* TASK GOAL
Print, exactly as written, the line in the entries below that contains "Extintor clase K" and every line after it up to and including the last. Omit pictures.

___ GIVEN INFORMATION ___

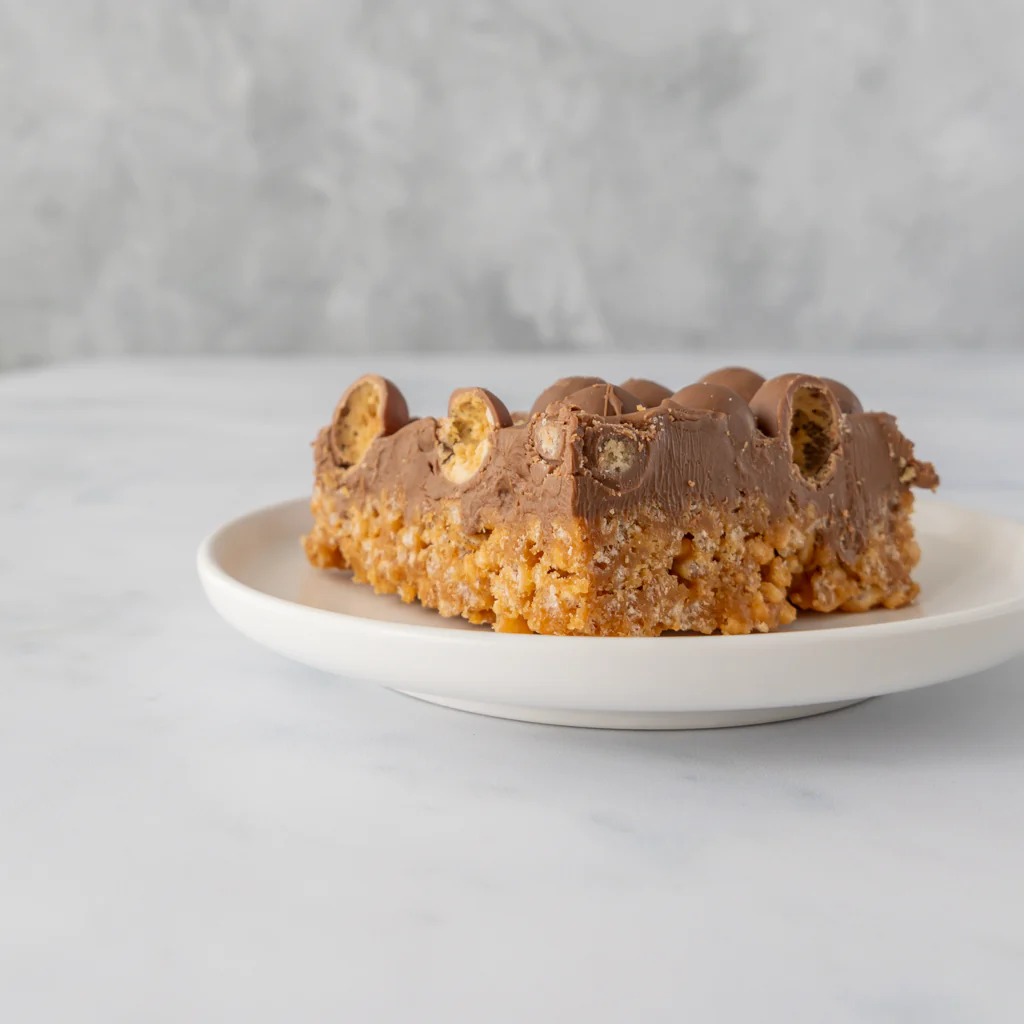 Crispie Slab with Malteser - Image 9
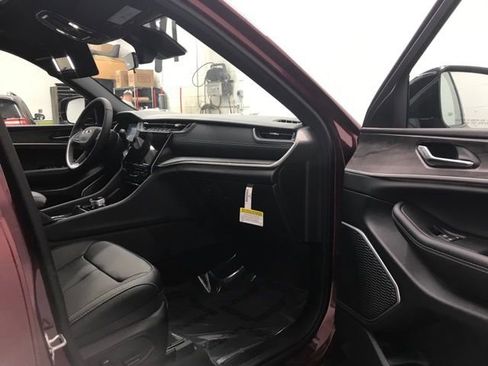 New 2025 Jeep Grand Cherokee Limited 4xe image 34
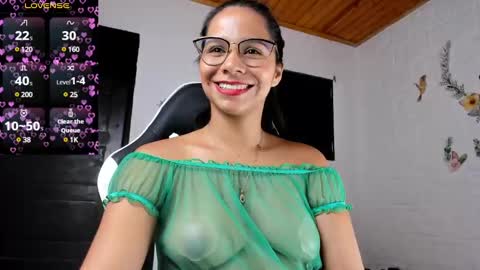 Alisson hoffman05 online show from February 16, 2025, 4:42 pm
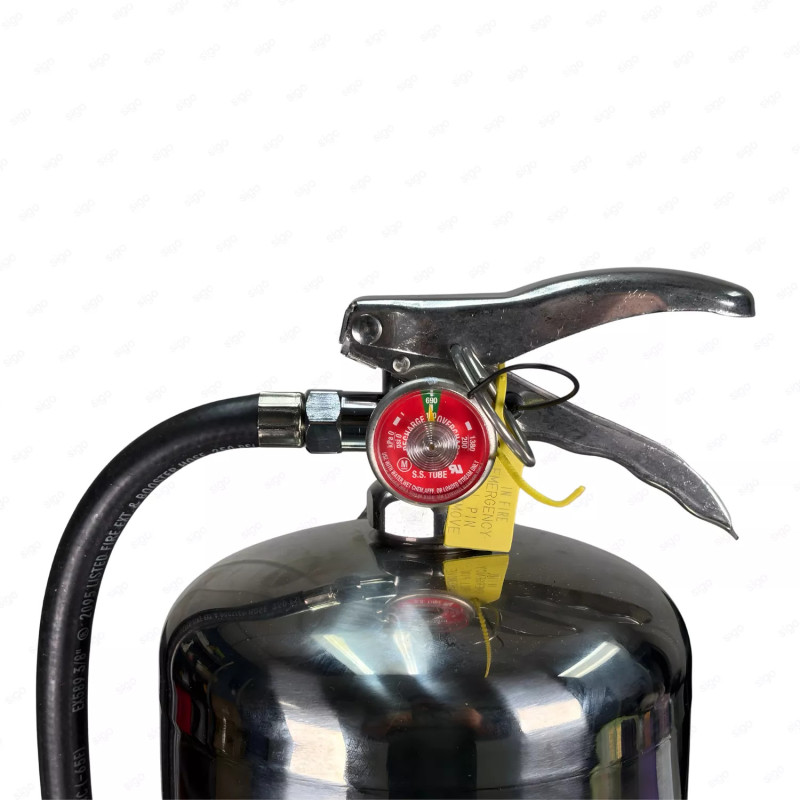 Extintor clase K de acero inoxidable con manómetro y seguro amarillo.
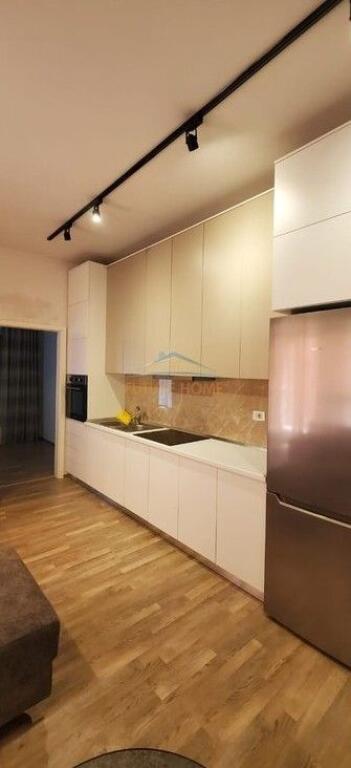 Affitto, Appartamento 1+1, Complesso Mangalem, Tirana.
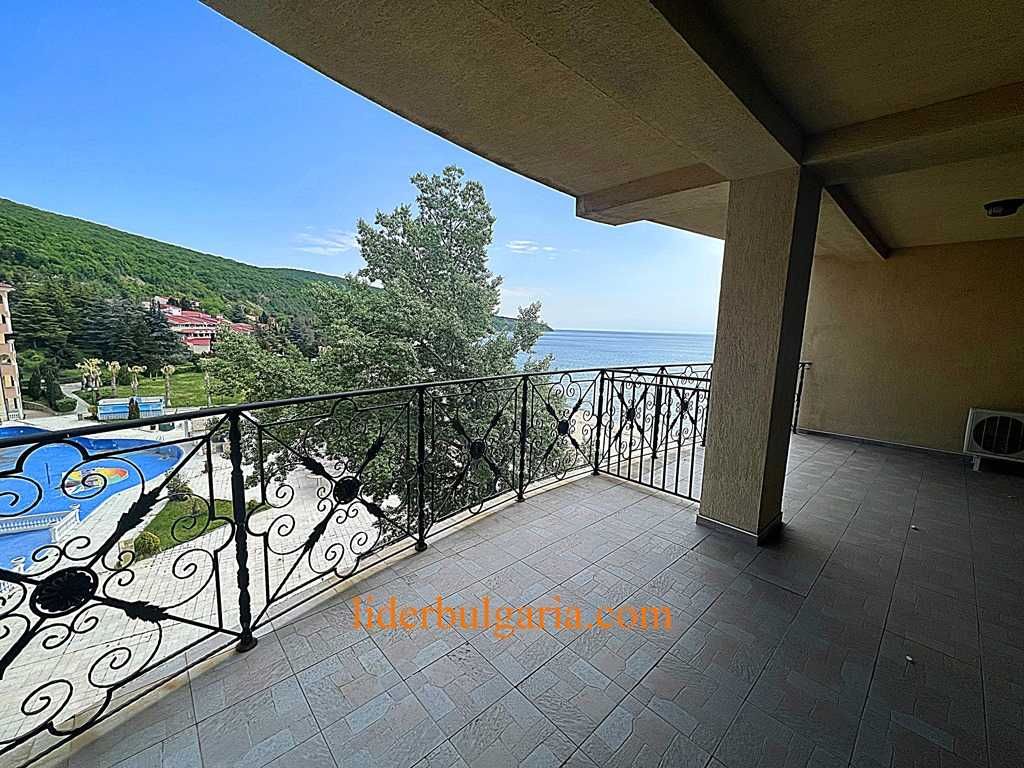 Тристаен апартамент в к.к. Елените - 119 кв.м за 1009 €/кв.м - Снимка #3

___

* ANSWER SPACE
 Extintor clase K de acero inoxidable con manómetro y seguro amarillo.
 Affitto, Appartamento 1+1, Complesso Mangalem, Tirana.
 Тристаен апартамент в к.к. Елените - 119 кв.м за 1009 €/кв.м - Снимка #3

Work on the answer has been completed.